In his young age, Brooklyn Beckham has tried his hand at a lot of things.
The eldest son of celebrity couple David and Victoria Beckham has started his career in 2014 as a model, appearing in editorials and covers of fashion magazines, and becoming a brand ambassador for a technology corporation.
There was also the time when he tried to become a professional chef, even going as far as launching his own online cooking show, Cookin’ with Brooklyn. However, the show was under fire after it was revealed 62 professionals had helped him to create each episode.
Perhaps, the one career path that Brooklyn chose to enter that became so controversial was his attempt to become a photographer.
Brooklyn’s journey as a photographer began when he was hired to photograph for a Burberry campaign in 2016.
A year later, he announced that he would study photography at Parsons School of Design in New York City, but eventually dropped out before even finishing his first year.
In the same year, Brooklyn published his first photography book, What I See. Published by Penguin Random House, the book features around 300 personal photographs that Brooklyn took, including photos of himself, landscapes, and his family.
According to the book description, What I See offers “a rare and intimate glimpse of the world through his [Brooklyn’s] eyes,” with each photo accompanied by captions and texts.
Since its publication, Brooklyn’s What I See drew ridicule and criticism from art critics.
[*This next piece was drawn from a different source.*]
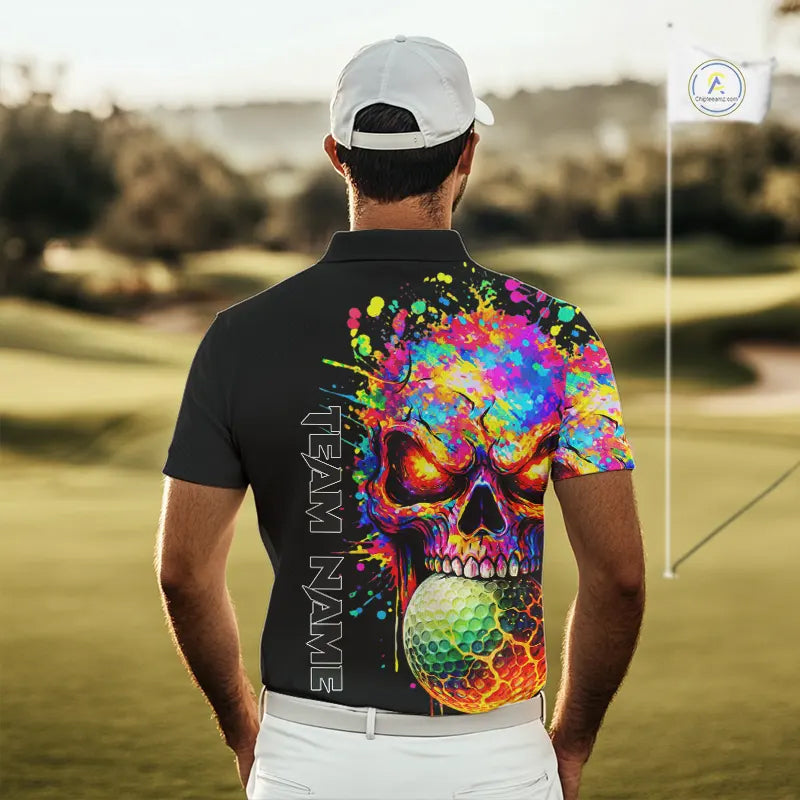 Colorful Skull Golf jerseys Black Golf polo shirts For Men Custom Team mens golf clothes NQS11318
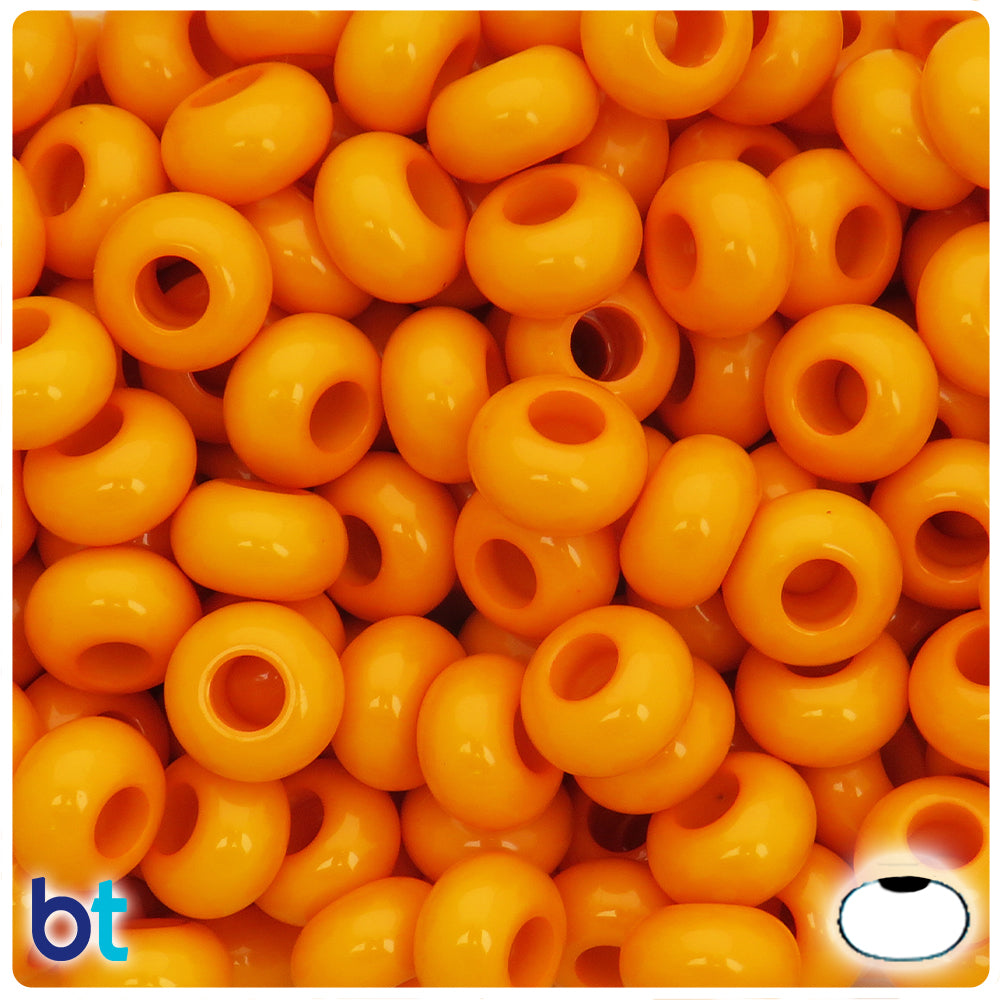 Orange Opaque 14mm Rondelle Plastic Beads (75pcs)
Just recently, England-based YouTuber, poet, and photographer Rachel Oates made a video review of his photography book after Brooklyn’s photograph of an elephant trended over Reddit.
Oates, who’s had many years of experience as a photographer, admitted that she was conflicted about making the video review as one part of her said that the media personality was only young when he made the book. On the other hand, the other part of her said that who made it and what their age was shouldn’t matter when “looking at the quality of commercial work and art objectively.”
Now onto the content of What I See, right off the bat, Oates criticized the title of the book, saying it should’ve been titled, “Nepotism in Practice.”
For those who don’t know what nepotism is, it is defined as the practice of using a famous person’s influence or power to give their family members or relatives an advantage. Basically, it’s the practice of favoritism based on kinship.
What does it have to do with Brooklyn? Well, since he’s the son of soccer player David and pop star-turned-fashion designer Victoria Beckham, Brooklyn is a nepo baby as he comes from a famous family.
So, when Brooklyn wrote “[W]hen I was approached about curating my photos to publish in a book, [I] was amazed. [I] didn’t think anyone was watching!” in the introduction page of the book, Oates then scrutinized this.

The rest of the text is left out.